La versión levantó también dudas. El motivo no parecía muy sólido. No faltaron las especulaciones de los enemigos del presidente Velasco Ibarra. ¿El chofer Leiva sabía demasiado? Hubo una versión de que los masones –pato de toda boda en esa época- algo tendrían que ver.
En ese ambiente, el 2 de marzo llegó -mediante el servicio de correos- un paquete de cartón al Jefe de Investigaciones de Quito, Manuel Gómez de la Torre. Al abrirlo, apareció una pistola con un mensaje. “Devuelvo la pistola de Leiva. No se culpe a nadie de su muerte. Fue un suicidio”.
La novedad llegó hasta el presidente Velasco Ibarra.

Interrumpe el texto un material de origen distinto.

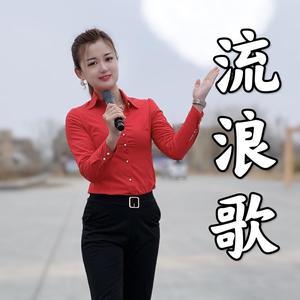 小迷妹真人真唱头像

La siguiente noticia provino de un salón, El Trébol, situado en la calle Manabí, cerca de la Plaza del Teatro. Tras una denuncia de los camareros, fue apresado Arturo Freire, quien había afirmado: “Yo maté al chofer Leiva. El gobierno de Velasco Ibarra me pagó 80 000 sucres”.
Al otro día, en pleno chuchaqui, Flores afirmó que no recordaba esas palabras y que todo fue obra de copas. “No sé por qué dije esa tontería. Recuperó su libertad. Nunca se dio una versión oficial sobre la muerte de Antonio Leiva. El sumario judicial se cerró con una palabra: Misterio.